I hosted a BOF on Monday evening. The slot was assigned, and not the best, I thought, since that was the first tutorial night. As it turned out about 20 people showed up, so I wonder how many may have been there on a Tuesday or even better, a Wednesday.
A handful of the attendees had tried Erlang to some extent. Everyone had an inkling of what it is about, and wanted to find out more. So we turned the hour into a quick tour of what I consider the features people should see first if they're coming from the more common languages at OSCON (i.e. the "scripting" languages, Java, C++, C).
I had Emacs up on the screen with "erl", the Erlang expression evaluator, and a few interesting source files. I also had Firefox with some tabs browsing the extensive Erlang/OTP documentation. Here's how it went down:
Roughly 30 minutes on the sequential aspects of Erlang. Really just a few essentials:
- Some data types: numbers, symbols, strings, lists, and tuples. (Distinguishing the last two had a bump -- I'd not really thought about explaining that!) I did not bother to explain records. Although they're simple in Erlang, they do need a good bit more explanation. (I'd hoped to avoid the point that strings are just lists of characters, but that came up in a question. And I certainly did not mention "binaries".)
- Variables begin with a capital letter (latin1) and are "single assignment". (That took a few minutes to demo and respond to clarifying questions.)
- Variables are bound through pattern matching. A simple assignment statement is actually just the simplest form of binding through pattern matching. (Code some examples into the evaluator. Then I made a mistake: I demo'd the evaluator's f() command to forget one or all current bindings -- this has nothing to do with Erlang and so I had to unwind a bit.)
- Functions are defined by one or more clauses, and pattern matching is used to select a clause when the function is applied to arguments.
- Recursion (and tail recursion), as there are no mutable variables and so no "loops" per se.
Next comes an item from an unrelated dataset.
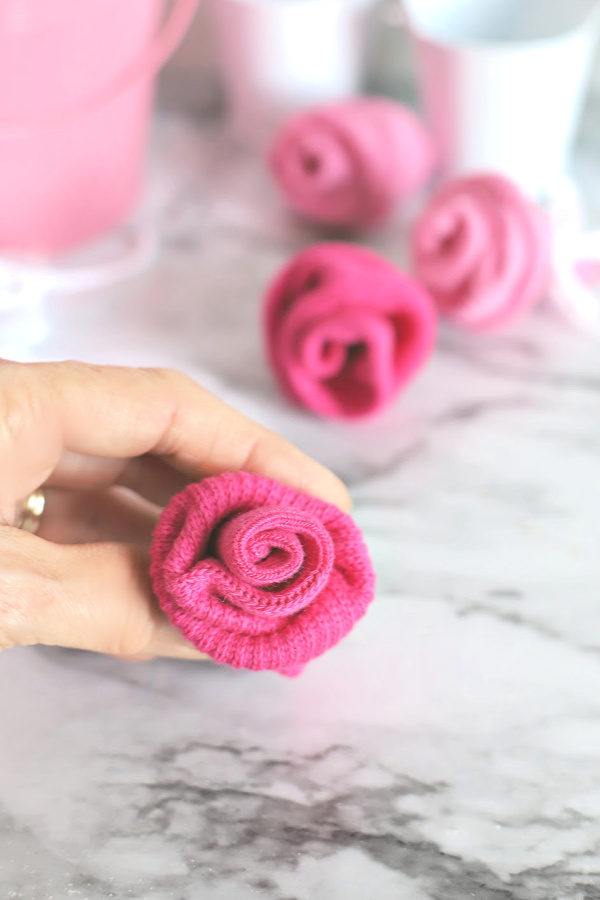 Easy step-by-step how-to for bud roses from baby socks. DIY flowers for shower corsage and décor ideas.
The last half of the hour was spent on concurrent processes, message sending, and message receiving (again, via pattern matching clauses). No supervisors, no linking, no nothing but the simplest examples of spawn, send, and receive.
The first concurrent example was an rpc because people know it, and programming it in Erlang is trivial, *but* coding it in Erlang highlights that it *has* to be coded. Erlang messages are asynchronous, fire-and-forget, and the code for rpc makes that explicit.
Finally I demo'd loading updated code into a running process. This is easy to show and I thought people using languages that do not define such a thing or that define such a thing using horribly complex mechanisms would be impressed. Seemed so.
Given the response to the BOF, I suggested on the Erlang list that someone should provide a half-day tutorial next year.